Jennifer @ 4:43 PM link

Sunday, August 17, 2003
Running Away From Home

Despite the way it looks, I am still alive. I did leave the building for a little while, managed a vacation on a beachy island complete with hammocks, lounge chairs, sea food and a knitting store. And living on the edge as I sometimes do, I not only left Blue* home, I didn't even lay so much as a finger on the ibook that vainly attempted to lure me into its clutches. The funny thing about unplugging that I really didn't expect is that I liked it. Time slowed down (instead of disappearing altogether). I could hear myself breathing. I napped.
I am back now. Have pics and pixels to share. Coming soon...

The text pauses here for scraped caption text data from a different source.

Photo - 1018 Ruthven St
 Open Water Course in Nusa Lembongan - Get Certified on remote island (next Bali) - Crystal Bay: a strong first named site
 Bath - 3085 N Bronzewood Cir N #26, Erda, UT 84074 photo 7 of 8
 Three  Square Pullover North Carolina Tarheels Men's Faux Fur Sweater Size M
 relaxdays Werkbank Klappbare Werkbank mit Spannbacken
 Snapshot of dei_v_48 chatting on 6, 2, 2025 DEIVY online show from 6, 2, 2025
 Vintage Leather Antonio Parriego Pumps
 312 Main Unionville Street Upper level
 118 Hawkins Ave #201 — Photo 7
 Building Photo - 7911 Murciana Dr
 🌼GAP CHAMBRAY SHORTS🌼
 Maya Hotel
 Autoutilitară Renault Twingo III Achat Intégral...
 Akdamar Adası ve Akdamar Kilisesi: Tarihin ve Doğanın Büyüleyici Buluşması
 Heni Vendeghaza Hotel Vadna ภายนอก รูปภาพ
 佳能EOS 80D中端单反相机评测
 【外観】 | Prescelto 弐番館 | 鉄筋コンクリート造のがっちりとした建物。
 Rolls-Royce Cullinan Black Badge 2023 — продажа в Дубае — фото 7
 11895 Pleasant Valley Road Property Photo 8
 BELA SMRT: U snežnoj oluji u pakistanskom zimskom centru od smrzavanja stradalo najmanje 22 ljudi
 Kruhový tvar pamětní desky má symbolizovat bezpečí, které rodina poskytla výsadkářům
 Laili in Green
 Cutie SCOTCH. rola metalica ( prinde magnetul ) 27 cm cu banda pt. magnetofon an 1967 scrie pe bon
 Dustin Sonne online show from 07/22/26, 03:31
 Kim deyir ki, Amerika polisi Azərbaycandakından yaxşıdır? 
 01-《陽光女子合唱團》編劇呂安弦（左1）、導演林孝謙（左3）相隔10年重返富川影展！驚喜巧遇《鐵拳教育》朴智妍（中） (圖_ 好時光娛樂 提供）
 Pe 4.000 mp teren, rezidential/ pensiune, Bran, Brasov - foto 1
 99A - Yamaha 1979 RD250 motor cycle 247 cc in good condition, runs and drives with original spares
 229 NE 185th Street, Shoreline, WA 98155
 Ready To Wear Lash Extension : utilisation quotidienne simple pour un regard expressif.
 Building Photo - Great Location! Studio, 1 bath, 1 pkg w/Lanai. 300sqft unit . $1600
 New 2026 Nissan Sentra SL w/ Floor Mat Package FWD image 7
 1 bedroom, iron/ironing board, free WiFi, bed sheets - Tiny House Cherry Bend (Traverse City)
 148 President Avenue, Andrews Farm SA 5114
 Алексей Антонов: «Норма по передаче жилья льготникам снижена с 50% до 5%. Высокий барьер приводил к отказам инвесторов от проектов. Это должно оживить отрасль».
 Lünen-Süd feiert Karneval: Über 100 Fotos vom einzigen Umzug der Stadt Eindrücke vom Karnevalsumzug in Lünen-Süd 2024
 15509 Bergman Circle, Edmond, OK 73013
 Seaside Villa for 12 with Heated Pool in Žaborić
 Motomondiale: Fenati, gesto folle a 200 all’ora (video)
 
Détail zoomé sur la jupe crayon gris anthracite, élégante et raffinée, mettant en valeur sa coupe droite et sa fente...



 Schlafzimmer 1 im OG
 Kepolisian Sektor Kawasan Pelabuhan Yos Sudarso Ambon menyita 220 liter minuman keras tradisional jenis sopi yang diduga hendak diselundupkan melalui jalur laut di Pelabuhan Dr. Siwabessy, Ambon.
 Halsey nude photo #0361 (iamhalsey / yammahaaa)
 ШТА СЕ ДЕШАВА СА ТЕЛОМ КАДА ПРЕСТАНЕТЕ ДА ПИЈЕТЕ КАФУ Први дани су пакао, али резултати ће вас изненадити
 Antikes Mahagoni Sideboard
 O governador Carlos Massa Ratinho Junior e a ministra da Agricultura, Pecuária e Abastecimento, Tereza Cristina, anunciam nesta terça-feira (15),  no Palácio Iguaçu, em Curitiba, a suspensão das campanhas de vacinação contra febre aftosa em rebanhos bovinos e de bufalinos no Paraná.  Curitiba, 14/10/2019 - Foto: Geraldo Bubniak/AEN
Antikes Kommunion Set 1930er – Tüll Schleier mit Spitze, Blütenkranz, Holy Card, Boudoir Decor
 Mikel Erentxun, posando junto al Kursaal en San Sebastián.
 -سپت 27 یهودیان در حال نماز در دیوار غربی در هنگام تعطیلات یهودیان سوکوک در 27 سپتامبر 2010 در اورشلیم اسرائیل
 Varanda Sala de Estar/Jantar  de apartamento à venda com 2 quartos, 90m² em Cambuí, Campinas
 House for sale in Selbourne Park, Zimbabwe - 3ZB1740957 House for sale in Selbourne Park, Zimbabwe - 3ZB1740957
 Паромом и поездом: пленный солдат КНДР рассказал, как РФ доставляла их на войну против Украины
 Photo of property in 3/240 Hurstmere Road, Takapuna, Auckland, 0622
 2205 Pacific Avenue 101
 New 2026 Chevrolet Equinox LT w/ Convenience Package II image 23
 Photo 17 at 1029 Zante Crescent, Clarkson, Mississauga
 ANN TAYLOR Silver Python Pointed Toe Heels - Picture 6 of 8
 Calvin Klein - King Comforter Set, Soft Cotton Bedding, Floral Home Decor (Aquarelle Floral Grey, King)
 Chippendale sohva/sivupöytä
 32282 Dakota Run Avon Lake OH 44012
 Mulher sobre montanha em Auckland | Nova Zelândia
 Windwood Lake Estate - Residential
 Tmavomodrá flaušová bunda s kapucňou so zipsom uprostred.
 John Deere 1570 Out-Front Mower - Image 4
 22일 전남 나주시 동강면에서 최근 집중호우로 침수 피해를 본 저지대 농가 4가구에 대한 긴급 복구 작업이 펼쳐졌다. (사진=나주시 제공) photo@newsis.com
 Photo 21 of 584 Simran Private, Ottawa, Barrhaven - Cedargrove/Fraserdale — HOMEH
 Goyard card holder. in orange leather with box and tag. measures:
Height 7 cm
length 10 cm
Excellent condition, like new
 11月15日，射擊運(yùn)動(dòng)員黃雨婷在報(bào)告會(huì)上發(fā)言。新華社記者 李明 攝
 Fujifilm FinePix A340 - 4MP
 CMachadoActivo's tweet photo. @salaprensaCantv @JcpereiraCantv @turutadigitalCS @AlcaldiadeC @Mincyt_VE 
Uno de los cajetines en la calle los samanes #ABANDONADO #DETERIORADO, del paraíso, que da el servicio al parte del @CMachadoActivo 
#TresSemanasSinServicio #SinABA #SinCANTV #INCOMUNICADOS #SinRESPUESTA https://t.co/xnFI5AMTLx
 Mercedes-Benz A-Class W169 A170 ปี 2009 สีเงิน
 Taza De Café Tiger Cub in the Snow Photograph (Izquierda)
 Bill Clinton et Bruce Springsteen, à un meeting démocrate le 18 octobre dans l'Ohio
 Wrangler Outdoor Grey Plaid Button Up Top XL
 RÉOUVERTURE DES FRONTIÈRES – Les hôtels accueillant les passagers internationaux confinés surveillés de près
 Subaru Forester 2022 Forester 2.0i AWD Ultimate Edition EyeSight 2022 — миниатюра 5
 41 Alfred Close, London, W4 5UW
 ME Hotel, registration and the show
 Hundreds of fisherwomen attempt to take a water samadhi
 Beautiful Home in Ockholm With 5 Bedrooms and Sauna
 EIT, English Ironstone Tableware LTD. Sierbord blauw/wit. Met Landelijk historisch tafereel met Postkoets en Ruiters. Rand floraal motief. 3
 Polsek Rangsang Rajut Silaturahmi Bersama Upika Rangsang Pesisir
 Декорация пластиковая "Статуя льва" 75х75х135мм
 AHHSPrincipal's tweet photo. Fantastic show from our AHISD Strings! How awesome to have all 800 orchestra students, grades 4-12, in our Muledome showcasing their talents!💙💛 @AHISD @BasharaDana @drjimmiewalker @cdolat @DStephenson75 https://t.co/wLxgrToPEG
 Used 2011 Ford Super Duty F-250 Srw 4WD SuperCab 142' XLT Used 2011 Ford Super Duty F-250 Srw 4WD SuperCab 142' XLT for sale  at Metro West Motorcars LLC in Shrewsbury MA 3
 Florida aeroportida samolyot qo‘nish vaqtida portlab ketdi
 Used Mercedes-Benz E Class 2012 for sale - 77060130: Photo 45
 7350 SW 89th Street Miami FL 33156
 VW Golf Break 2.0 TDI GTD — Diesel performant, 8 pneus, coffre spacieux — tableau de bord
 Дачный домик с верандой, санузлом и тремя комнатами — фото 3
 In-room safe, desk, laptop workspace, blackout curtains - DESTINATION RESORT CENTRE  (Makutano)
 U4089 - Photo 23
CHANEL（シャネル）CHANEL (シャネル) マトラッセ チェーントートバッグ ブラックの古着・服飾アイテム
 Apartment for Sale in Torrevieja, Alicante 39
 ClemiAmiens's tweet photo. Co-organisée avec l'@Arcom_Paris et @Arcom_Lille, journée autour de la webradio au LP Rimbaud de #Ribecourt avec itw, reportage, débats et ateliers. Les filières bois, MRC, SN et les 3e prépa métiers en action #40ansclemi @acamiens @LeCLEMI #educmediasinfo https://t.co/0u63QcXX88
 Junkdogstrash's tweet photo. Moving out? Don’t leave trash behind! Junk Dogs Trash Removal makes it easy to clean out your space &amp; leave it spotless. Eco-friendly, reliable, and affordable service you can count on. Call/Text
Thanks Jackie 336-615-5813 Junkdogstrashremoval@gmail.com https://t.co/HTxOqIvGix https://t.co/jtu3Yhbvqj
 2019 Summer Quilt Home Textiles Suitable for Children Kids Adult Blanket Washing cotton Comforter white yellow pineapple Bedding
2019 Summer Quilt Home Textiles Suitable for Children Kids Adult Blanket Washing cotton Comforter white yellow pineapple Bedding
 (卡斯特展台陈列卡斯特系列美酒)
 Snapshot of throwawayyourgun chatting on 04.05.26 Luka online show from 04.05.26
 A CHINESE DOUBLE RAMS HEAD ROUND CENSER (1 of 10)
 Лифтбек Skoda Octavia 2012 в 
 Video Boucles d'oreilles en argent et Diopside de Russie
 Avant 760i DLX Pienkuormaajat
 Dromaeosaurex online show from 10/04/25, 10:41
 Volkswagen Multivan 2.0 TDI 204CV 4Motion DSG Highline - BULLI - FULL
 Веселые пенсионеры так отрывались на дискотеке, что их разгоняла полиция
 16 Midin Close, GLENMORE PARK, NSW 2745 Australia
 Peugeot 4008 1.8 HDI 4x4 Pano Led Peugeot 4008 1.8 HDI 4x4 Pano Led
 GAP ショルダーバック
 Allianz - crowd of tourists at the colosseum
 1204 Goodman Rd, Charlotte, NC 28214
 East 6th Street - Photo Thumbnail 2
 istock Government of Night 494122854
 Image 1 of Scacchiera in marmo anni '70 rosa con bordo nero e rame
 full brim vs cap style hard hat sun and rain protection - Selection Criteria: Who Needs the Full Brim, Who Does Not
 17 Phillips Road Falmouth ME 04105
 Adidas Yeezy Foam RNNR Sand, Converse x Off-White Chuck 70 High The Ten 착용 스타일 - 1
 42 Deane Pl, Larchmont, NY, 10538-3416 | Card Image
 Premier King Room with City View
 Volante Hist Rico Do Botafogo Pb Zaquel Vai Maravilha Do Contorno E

*Blue is my Toshiba Satellite.

Jennifer @ 9:42 AM link

Friday, August 01, 2003
Making an Impact

Yesterday, after renegotiating a particularly high maintenance relationship over the telephone, I slipped into a bout of extreme multi tasking. Driving my car, thinking too much, planning ahead, and day dreaming all at the same time, my car bought my attention swiftly to the present. I was sitting at the stop sign, I swear. Foot on the break, really, I totally mean it. Then next thing I know, BOOM! I thought the big DodgeFordChevy pick up backed into me. Really. We were at the stop sign. It took me a minute to connect the sound with a reality. I saw the guy in front of me get out of his truck. I looked at my front bumper and all I could see is a perfectly square indentation dead center on the plastic trim of my car’s bumper. I didn’t understand. Then I looked at the back of the truck. There was a huge trailer hitch under his bumper with the square beam-like end exposed. If his truck were one inch higher, the hood of my car would have suffered a horrible scrape. If it had been one inch lower, my car’s grille would have been shattered. Them man in the truck, Scott, began by looking under his truck to see if the hitch was bent. I’m thinking, “you’ve got to be kidding?” My plastic car bending his monster truck??? Scott returned to his human form and softened a bit. He mentioned that he had a friend who is a welder that could look at the hitch and straighten it if it needed it. But here is the strangest part, I drove away into the rest of my evening completely grateful. Here’s why:

I’m grateful that no one got hurt.
I’m grateful that none of my airbags deployed.
I’m grateful that the only damage was to a plastic part of my car.
I’m grateful that the damage was a perfectly square imprint, dead center on the front bumper trim (which, incidentally, will be completely hidden if I ever manage to put my front license plate on the car).
I’m grateful that Scott let go of his fear a little bit and didn’t get out of control.

I’m not sure what all of this gratitude for a car accident gone well says about me. Probably the same thing that my recent habit of knitting dish cloths does.